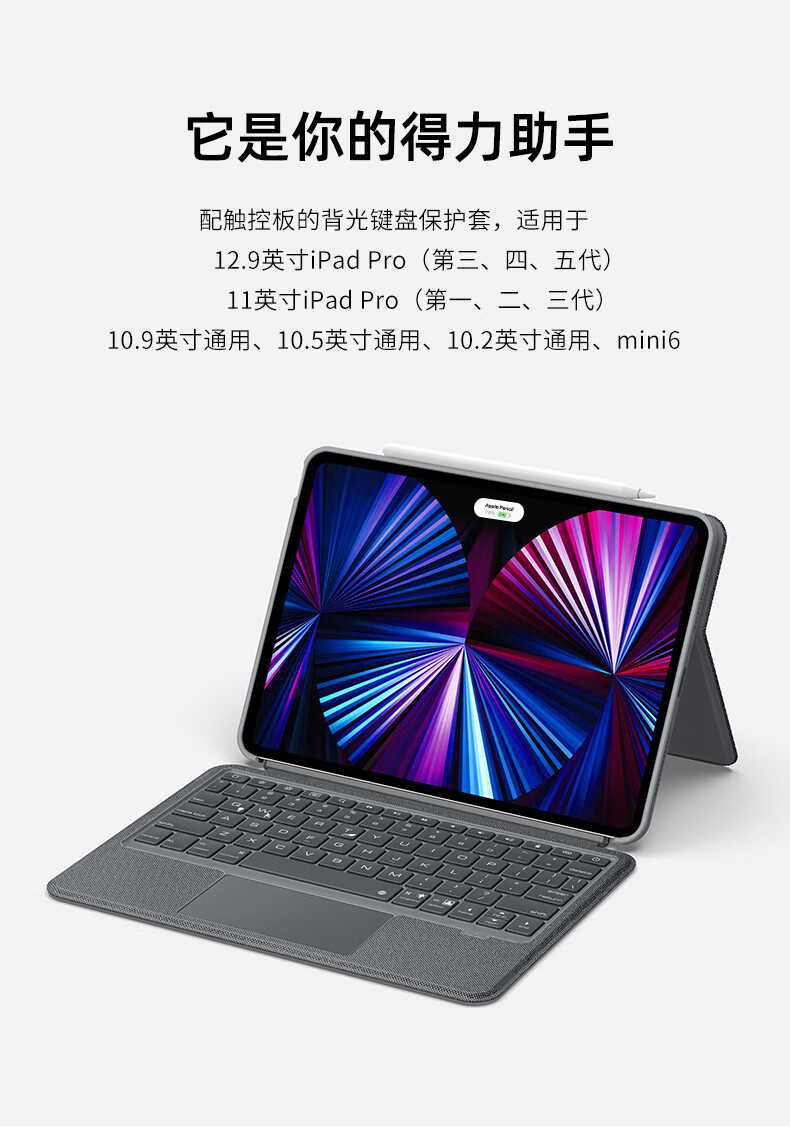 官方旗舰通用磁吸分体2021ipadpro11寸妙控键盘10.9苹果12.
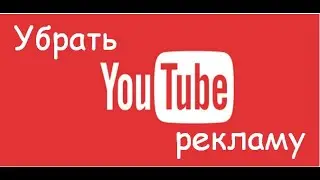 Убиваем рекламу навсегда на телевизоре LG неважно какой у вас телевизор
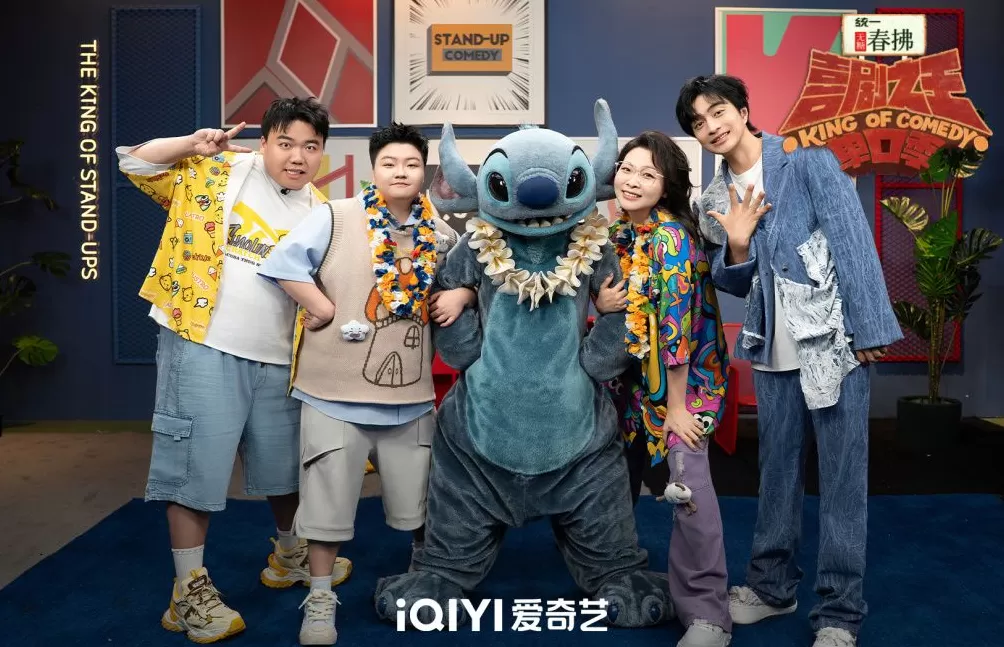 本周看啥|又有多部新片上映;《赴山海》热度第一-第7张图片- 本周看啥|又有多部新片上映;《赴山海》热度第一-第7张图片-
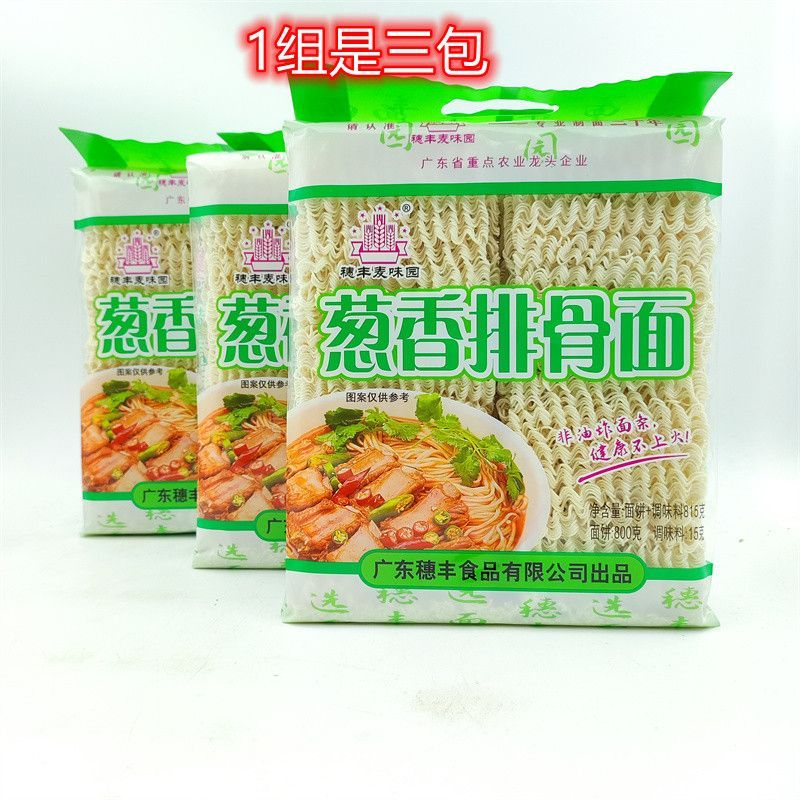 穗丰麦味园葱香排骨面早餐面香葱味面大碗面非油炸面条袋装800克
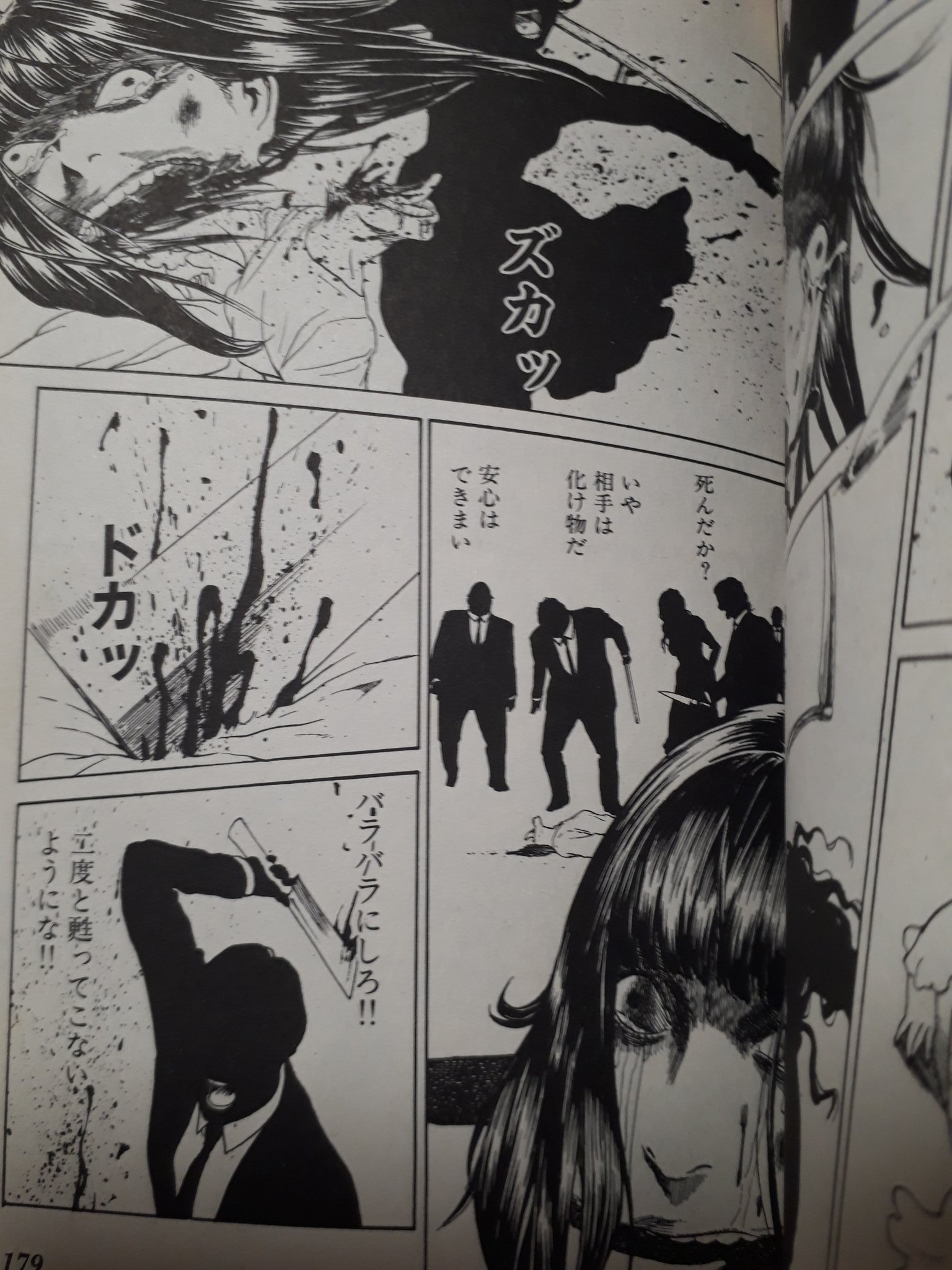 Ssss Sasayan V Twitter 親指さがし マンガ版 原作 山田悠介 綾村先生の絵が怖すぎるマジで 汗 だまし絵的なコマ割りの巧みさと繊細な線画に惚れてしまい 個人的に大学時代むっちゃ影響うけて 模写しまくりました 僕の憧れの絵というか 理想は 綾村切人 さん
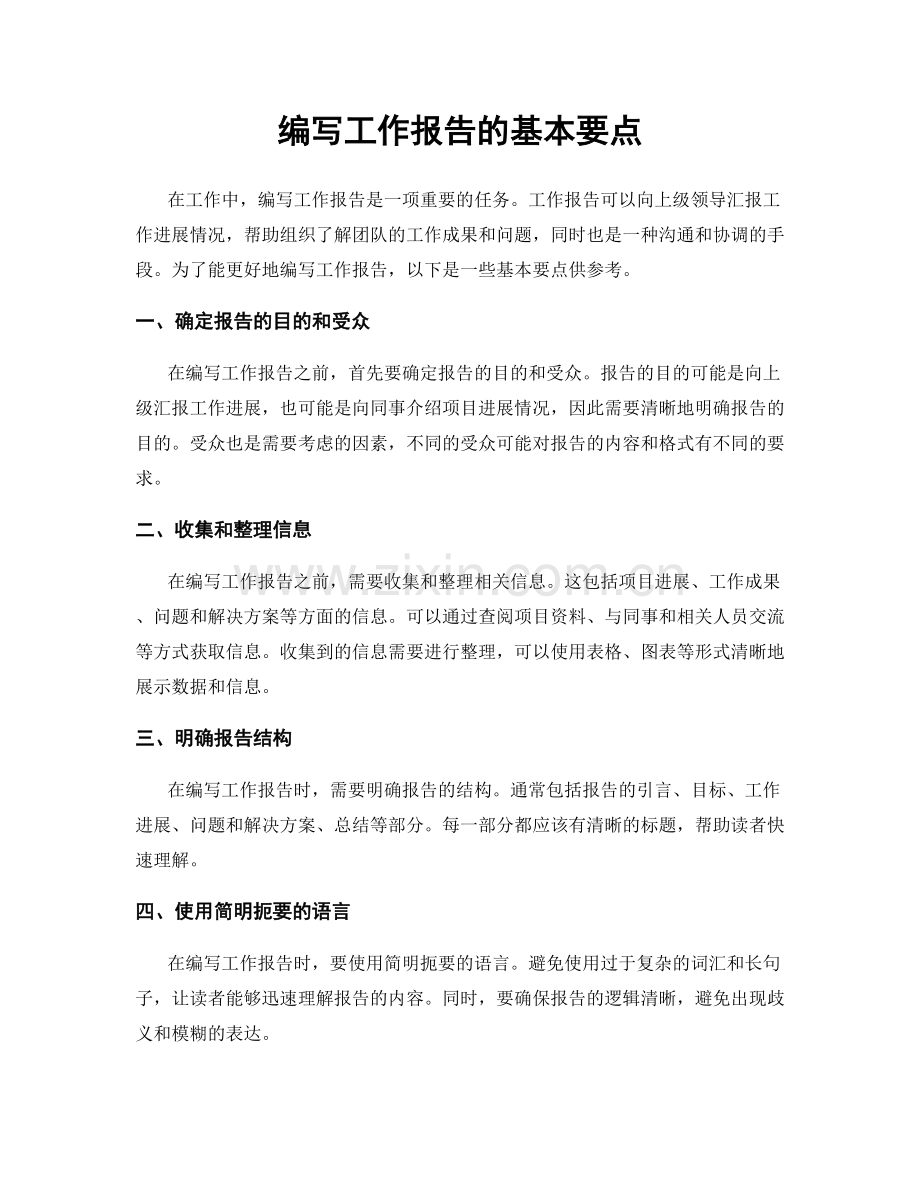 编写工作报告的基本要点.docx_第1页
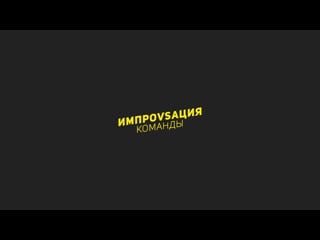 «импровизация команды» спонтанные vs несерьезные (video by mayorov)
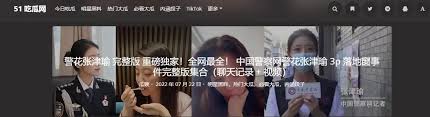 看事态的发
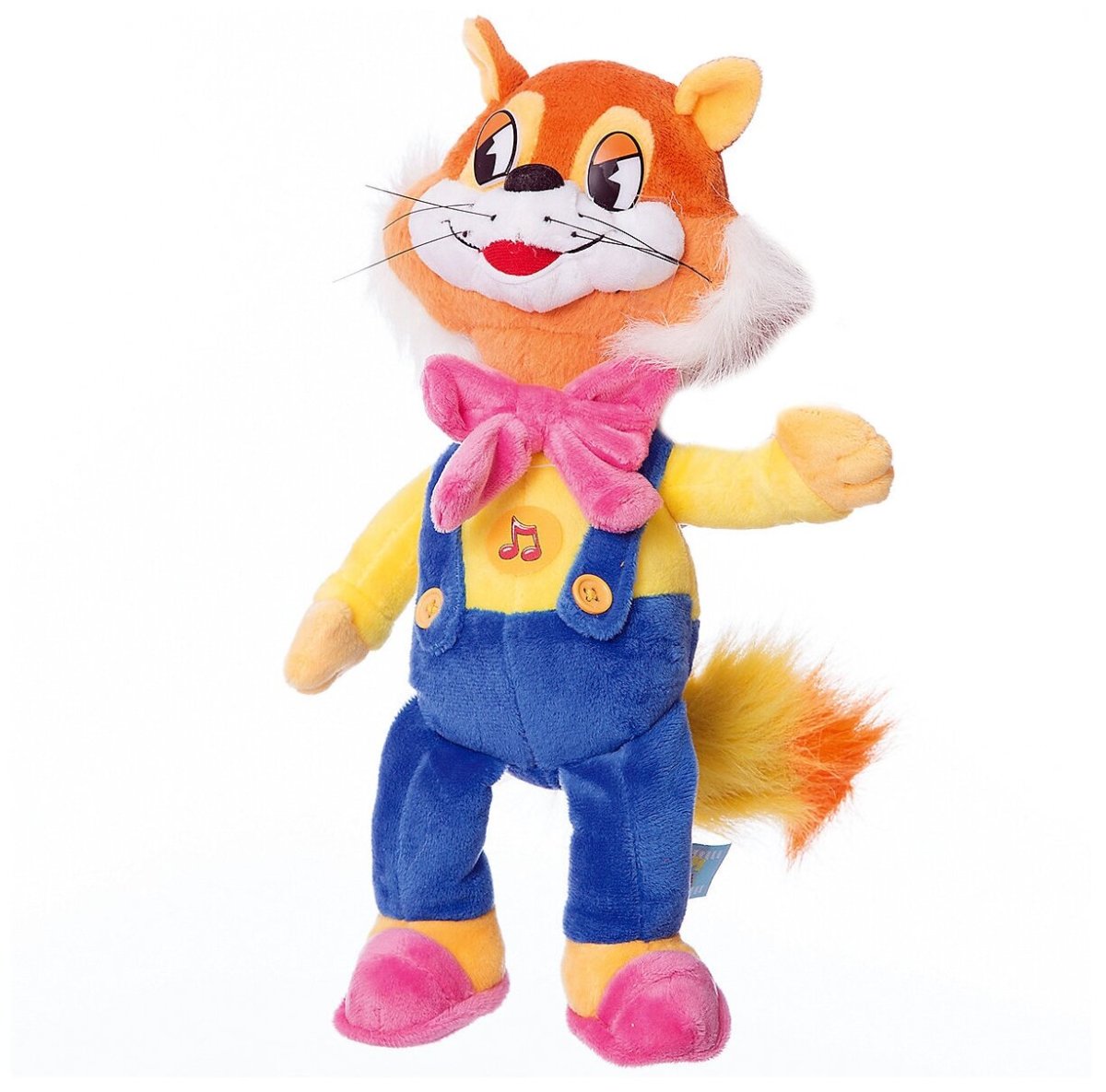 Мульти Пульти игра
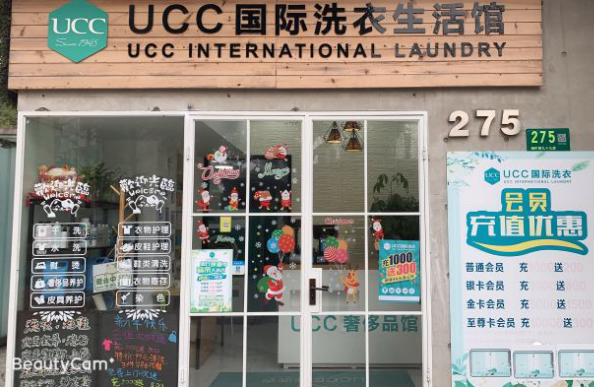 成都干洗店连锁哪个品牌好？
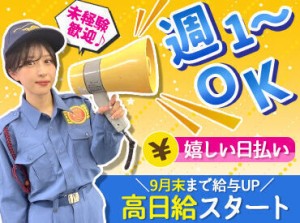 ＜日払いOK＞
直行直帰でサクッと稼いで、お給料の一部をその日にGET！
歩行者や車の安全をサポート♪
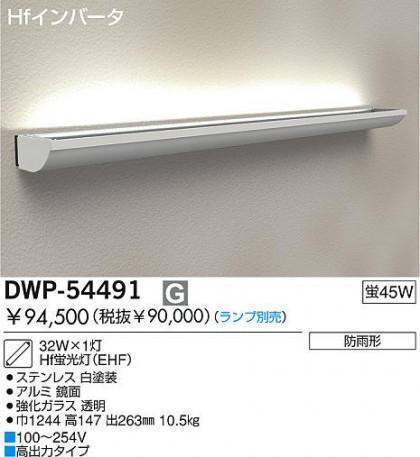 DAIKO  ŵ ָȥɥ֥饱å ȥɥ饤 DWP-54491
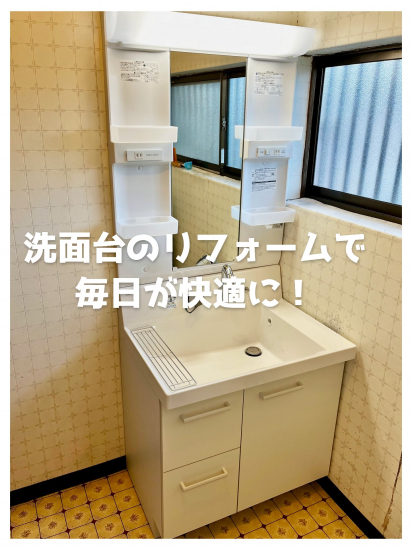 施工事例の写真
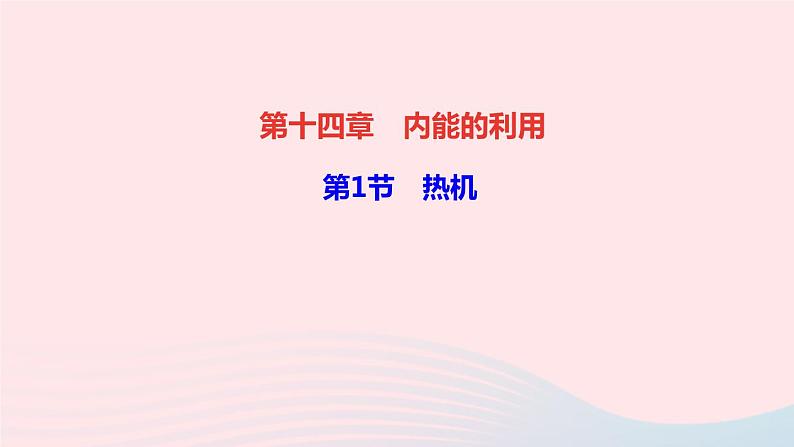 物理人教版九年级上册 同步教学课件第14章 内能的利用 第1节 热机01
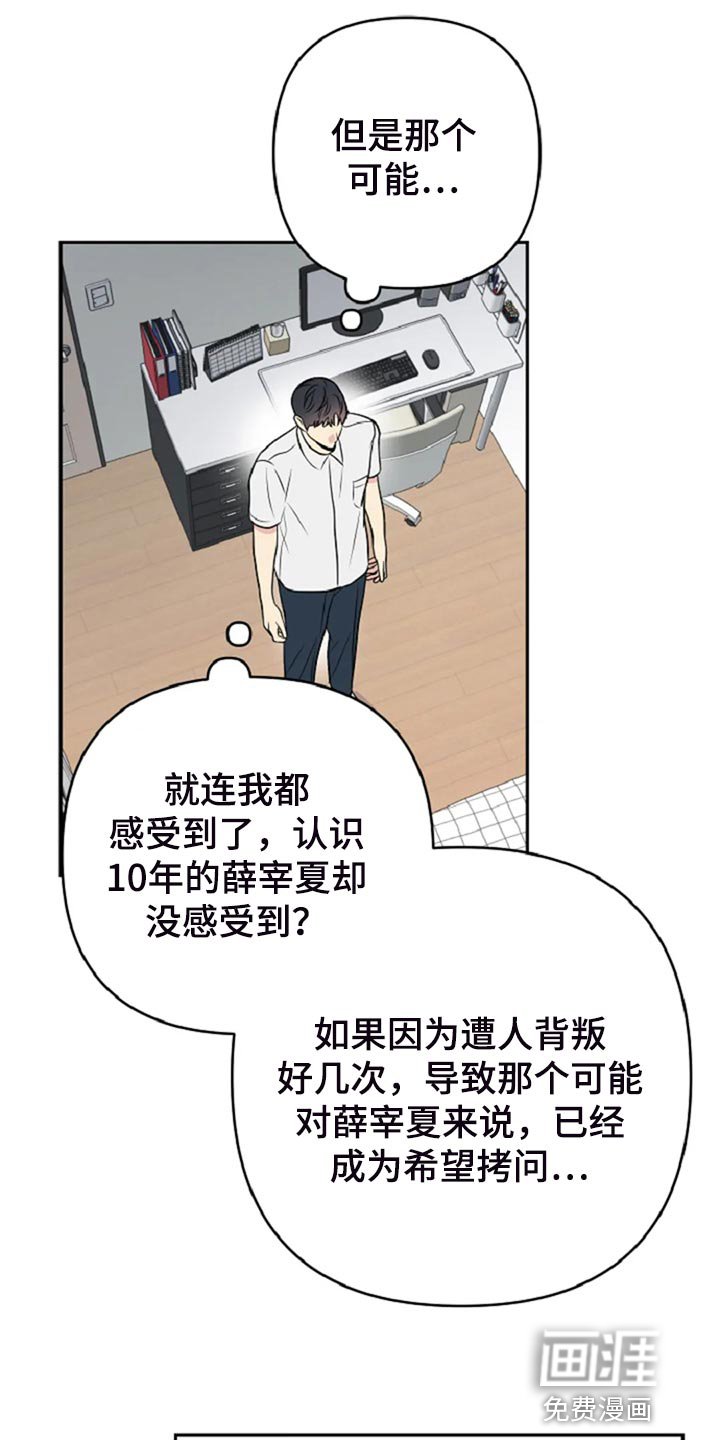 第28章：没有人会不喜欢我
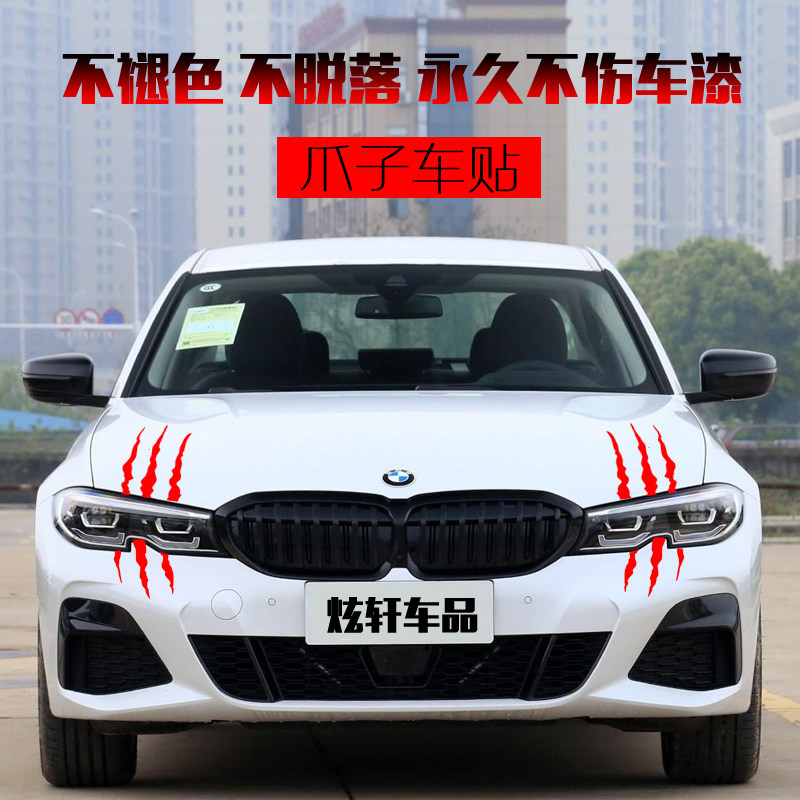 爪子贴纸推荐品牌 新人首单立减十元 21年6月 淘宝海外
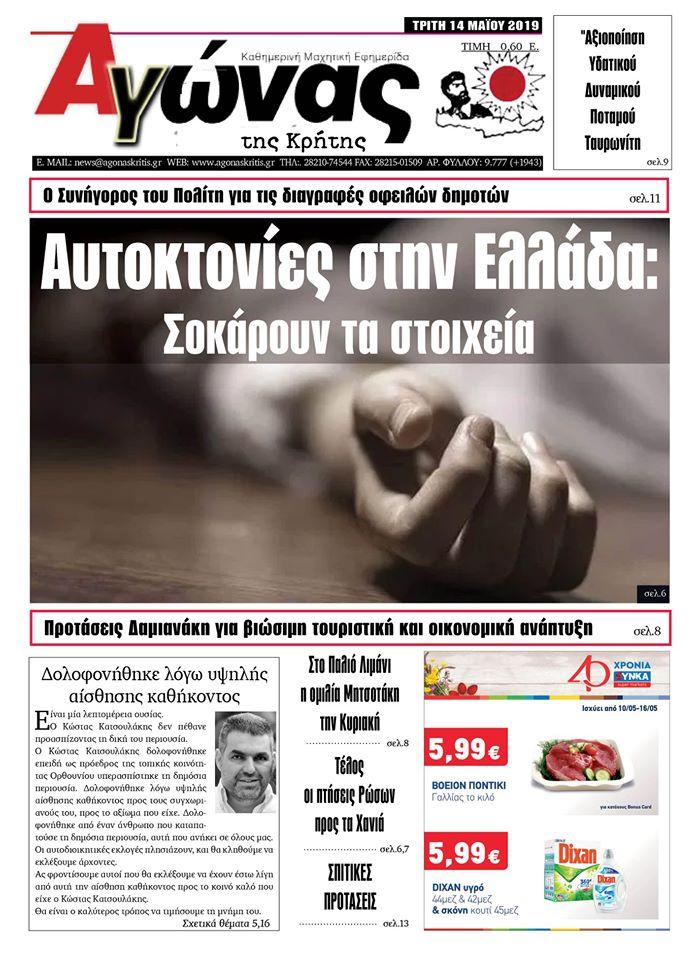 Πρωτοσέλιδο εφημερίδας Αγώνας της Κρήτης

========

◆ **ACTION ITEM**:
An exact copy of the records above is wanted, with the pictures omitted.

◆ **RESPONSE**:
 官方旗舰通用磁吸分体2021ipadpro11寸妙控键盘10.9苹果12.
 Убиваем рекламу навсегда на телевизоре LG неважно какой у вас телевизор
 本周看啥|又有多部新片上映;《赴山海》热度第一-第7张图片- 本周看啥|又有多部新片上映;《赴山海》热度第一-第7张图片-
 穗丰麦味园葱香排骨面早餐面香葱味面大碗面非油炸面条袋装800克
 Ssss Sasayan V Twitter 親指さがし マンガ版 原作 山田悠介 綾村先生の絵が怖すぎるマジで 汗 だまし絵的なコマ割りの巧みさと繊細な線画に惚れてしまい 個人的に大学時代むっちゃ影響うけて 模写しまくりました 僕の憧れの絵というか 理想は 綾村切人 さん
 编写工作报告的基本要点.docx_第1页
 «импровизация команды» спонтанные vs несерьезные (video by mayorov)
 看事态的发
 Мульти Пульти игра
 成都干洗店连锁哪个品牌好？
 ＜日払いOK＞
直行直帰でサクッと稼いで、お給料の一部をその日にGET！
歩行者や車の安全をサポート♪
 DAIKO  ŵ ָȥɥ֥饱å ȥɥ饤 DWP-54491
 施工事例の写真
 物理人教版九年级上册 同步教学课件第14章 内能的利用 第1节 热机01
 第28章：没有人会不喜欢我
 爪子贴纸推荐品牌 新人首单立减十元 21年6月 淘宝海外
 Πρωτοσέλιδο εφημερίδας Αγώνας της Κρήτης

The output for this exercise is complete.